Ministério Público sustenta ter havido «precipitação» dos bombeiros, sobretudo do comandante operacional, que «não estudou, com certeza, como mandam os manuais»

O arquivamento pelo Ministério Público (MP) do inquérito ao incêndio negligente que, em Julho de 2006, vitimou um bombeiro português e cinco sapadores chilenos não causou surpresa em Famalicão da Serra e na corporação dos voluntários de Gonçalo. «Este desfecho era de prever pelo que se foi ouvindo nos últimos meses», admitiu o director da secção local e presidente da Junta de Freguesia, que só lamenta a perda de vidas humanas.

«É como em todos os incêndios, a culpa morre sempre solteira», acrescentou António Fontes, esclarecendo não pretender pôr em causa o despacho do MP. «Trata-se de uma decisão do juiz e quem sou eu para a discutir», sublinhou. Também Orlindo Cabeças estava à espera do arquivamento. O comandante dos bombeiros de Gonçalo, a que pertence a secção de Famalicão, garante que nunca se poderia inculpar quem operava a motorroçadora que esteve na origem do fogo. «O que aconteceu foi acidental. O rapaz só andava a cumprir ordens, o mais que se poderia fazer era castigar quem realmente mandou fazer o trabalho, e esse sim é que era responsável, uma vez que é engenheiro florestal», considerou o comandante. No despacho, citando as conclusões do inquérito mandado fazer pelo Ministério da Administração Interna, o MP considera que o incêndio teve origem «meramente acidental» e que não houve «comportamentos censuráveis» por parte de Tiago Gonçalves, na altura com 18 anos. O jovem andava a limpar um terreno agrícola num dia em que o termómetro subiu aos 33 graus centígrados e a humidade relativa foi de 24 por cento, mas o procurador subscreveu as afirmações do dono da propriedade, que afirmou que o Verão é a época do ano «mais apropriada» para limpar terrenos e defendeu que «não é previsível» que faíscas de motorroçadoras sejam causadoras de um fogo.

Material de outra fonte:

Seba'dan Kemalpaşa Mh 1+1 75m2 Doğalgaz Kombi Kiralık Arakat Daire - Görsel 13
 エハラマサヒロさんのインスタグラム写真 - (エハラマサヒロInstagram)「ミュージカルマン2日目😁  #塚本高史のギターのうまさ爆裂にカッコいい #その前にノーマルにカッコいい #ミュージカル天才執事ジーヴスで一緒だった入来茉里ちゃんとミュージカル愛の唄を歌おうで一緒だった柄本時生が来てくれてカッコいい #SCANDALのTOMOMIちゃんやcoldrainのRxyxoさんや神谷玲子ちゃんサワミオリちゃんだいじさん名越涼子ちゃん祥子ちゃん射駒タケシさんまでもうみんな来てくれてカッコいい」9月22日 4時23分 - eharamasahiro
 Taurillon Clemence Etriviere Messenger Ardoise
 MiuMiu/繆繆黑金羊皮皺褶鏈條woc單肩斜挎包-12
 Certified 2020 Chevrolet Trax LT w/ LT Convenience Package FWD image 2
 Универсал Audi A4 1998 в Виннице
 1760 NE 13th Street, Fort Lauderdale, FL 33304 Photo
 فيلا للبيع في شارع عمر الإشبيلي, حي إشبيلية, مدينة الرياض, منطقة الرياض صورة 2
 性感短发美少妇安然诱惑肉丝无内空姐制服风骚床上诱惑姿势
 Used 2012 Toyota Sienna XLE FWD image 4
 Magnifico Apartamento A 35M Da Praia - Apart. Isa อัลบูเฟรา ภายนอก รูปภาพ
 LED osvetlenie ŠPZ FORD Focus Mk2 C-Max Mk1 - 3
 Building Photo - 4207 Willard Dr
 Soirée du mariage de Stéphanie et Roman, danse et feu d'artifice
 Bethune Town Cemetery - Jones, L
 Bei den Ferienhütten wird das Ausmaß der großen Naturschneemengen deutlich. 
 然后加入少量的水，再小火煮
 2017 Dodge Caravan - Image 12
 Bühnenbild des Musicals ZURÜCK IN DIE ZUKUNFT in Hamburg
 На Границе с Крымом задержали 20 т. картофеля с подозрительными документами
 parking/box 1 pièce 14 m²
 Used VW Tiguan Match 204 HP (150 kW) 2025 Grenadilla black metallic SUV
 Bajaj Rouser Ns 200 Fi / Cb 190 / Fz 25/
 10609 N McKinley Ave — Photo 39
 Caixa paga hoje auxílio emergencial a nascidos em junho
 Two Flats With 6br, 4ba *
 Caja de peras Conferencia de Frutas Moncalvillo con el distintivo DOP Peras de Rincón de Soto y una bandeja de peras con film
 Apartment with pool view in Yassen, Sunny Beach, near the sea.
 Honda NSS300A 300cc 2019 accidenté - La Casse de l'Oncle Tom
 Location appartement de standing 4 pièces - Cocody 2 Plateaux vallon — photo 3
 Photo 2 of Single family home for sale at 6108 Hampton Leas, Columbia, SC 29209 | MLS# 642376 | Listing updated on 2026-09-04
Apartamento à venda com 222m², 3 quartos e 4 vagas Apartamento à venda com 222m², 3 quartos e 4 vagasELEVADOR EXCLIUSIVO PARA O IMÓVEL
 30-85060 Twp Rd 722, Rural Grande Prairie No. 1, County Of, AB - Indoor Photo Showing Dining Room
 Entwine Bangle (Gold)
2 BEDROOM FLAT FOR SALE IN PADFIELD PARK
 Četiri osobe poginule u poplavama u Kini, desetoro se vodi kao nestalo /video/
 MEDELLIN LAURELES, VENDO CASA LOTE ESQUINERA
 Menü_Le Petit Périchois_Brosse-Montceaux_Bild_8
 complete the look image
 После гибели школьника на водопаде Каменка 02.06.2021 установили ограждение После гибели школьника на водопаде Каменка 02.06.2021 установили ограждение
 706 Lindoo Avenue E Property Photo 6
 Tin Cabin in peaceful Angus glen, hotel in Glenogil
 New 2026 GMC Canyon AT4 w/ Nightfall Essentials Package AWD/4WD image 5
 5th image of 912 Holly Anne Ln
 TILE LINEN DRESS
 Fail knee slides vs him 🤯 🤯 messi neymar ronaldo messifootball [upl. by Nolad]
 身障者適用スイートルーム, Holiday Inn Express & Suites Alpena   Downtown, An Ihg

No entanto, assim aconteceu quando aquele utensílio embateu numa pedra e despoletou um incêndio que consumiu 544 hectares e vitimou os seis homens. Tiago Gonçalves foi detido nesse mesmo dia pela GNR e constituído arguido, por suspeita da autoria de fogo negligente, enquanto o proprietário da quinta, um engenheiro florestal no Núcleo Florestal da Beira Interior Norte, só foi ouvido como testemunha. A par do inquérito, as suas declarações terão sido determinantes para o MP, pois o magistrado acabou por destacar os seus «30 anos de experiência na área florestal», além dos esforços do engenheiro e do jovem para conseguirem controlar o incêndio. Em contrapartida, a actuação dos bombeiros foi criticada, já que o despacho sustenta ter havido «precipitação», sobretudo por parte do comandante operacional, que «não estudou, com certeza, como mandam os manuais». Uma posição refutada por António Fontes: «As coisas estiveram a funcionar bem até às 16 horas, quando ocorreram as mortes, depois houve realmente um descontrolo total no terreno», reconheceu. A este propósito, o presidente da Federação de Bombeiros do Distrito da Guarda adiantou que o incêndio de Famalicão tem sido «um exemplo para que os erros cometidos não voltem a repetir-se no futuro».

Madeira Grilo disse também esperar que «este ano, o equipamento de defesa e protecção individual já possa ser utilizado por todos aqueles que combatem os fogos florestais». Faleceram no incêndio cinco sapadores chilenos, com idades entre os 22 e 30 anos, que faziam parte de uma equipa helitransportada da Afocelca, sediada na zona de Penamacor, e o bombeiro Sérgio Rocha, 26 anos, residente em Famalicão da Serra, que integrava a Iª secção avançada dos Bombeiros de Gonçalo.